- Born: 19 May 1999 (age 26) Riga, Latvia
- Height: 5 ft 11 in (180 cm)
- Weight: 190 lb (86 kg; 13 st 8 lb)
- Position: Defence
- Shoots: Left
- SL team Former teams: HC La Chaux-de-Fonds Genève-Servette HC
- National team: Latvia
- Playing career: 2019–present

= Sandis Smons =

Latvian ice hockey player (born 1999)

Sandis Smons (born 19 May 1999) is a Latvian professional ice hockey defenceman for HC La Chaux-de-Fonds of the Swiss League (SL).

==Playing career==
Smons made his professional debut with the Ticino Rockets of the Swiss League (SL) during the 2018–19 season, appearing in two games that season.

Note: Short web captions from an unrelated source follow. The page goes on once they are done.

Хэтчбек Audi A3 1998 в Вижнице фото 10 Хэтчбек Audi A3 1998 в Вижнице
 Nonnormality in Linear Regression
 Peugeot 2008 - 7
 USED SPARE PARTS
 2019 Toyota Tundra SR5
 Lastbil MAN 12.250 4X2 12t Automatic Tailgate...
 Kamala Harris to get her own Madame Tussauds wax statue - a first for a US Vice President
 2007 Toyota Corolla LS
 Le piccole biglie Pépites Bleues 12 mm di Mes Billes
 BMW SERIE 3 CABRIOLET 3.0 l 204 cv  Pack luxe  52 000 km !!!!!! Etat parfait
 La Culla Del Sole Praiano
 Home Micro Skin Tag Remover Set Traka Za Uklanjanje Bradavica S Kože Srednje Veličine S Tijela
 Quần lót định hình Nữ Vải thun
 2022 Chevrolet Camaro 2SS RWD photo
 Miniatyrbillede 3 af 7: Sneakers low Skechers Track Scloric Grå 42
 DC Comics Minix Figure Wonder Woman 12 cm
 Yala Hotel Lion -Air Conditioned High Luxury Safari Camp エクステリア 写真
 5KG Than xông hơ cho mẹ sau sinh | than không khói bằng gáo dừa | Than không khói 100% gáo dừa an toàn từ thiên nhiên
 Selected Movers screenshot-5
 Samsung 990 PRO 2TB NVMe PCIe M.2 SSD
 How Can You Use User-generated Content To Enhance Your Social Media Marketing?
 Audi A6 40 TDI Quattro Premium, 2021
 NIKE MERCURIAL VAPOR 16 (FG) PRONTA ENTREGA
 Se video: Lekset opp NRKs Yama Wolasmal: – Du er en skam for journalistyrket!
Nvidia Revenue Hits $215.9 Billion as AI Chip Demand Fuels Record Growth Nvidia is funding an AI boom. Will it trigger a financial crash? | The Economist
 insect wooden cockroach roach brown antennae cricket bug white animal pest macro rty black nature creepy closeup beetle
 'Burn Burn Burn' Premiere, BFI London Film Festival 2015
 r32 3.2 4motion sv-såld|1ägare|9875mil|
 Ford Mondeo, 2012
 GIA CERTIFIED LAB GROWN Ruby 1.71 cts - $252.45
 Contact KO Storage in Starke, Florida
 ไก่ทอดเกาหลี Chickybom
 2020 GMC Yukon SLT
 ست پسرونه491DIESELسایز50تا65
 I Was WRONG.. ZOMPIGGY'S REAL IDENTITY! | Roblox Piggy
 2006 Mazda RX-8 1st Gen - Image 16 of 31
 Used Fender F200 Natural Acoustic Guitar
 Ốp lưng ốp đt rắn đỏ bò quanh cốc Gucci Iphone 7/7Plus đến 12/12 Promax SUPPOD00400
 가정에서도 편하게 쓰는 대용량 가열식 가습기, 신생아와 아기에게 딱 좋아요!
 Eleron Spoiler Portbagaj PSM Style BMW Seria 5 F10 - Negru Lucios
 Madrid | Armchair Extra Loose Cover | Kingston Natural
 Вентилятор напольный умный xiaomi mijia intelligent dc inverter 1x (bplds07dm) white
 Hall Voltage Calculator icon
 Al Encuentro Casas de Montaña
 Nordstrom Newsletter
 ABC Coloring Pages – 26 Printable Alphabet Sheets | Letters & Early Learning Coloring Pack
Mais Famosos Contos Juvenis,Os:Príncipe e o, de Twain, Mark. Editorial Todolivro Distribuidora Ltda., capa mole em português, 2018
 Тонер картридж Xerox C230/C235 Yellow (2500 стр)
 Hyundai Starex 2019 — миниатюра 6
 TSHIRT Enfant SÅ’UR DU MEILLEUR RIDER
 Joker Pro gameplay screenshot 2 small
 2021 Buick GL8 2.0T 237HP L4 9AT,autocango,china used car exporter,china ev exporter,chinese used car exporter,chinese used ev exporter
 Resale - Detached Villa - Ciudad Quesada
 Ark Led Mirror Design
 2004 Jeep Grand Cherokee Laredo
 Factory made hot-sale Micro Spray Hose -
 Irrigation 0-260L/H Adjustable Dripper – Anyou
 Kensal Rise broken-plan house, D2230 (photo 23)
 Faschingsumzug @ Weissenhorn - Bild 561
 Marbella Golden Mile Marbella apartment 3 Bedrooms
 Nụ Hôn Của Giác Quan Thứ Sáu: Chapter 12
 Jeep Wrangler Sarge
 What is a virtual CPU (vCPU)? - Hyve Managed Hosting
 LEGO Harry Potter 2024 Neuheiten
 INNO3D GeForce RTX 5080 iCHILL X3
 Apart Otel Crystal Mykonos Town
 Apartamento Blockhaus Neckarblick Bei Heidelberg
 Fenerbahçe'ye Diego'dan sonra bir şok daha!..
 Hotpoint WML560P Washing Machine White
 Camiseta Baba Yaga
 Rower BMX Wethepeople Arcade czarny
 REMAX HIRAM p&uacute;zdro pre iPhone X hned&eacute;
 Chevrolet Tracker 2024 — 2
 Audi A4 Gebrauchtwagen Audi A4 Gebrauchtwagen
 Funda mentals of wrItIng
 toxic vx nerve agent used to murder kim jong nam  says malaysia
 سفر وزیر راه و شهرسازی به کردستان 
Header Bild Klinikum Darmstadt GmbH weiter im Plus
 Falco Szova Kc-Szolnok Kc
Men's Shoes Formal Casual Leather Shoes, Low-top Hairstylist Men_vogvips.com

On 18 August 2019, Smons signed his first professional contract with Genève-Servette HC for the 2019–20 season. He was immediately loaned to HC Sierre of the SL to begin the 2019–20 season and was called up on 23 September, by Genève-Servette to replace injured Henrik Tömmernes.

==International play==
Smons made his debut with Latvia senior team in 2020.

==Personal life==
Smons moved to Geneva, Switzerland, at age 15 to play at junior level with Genève-Servette HC, which allowed him to play in the National League and in the Swiss League with a Swiss player licence. He is fluent in Latvian and French.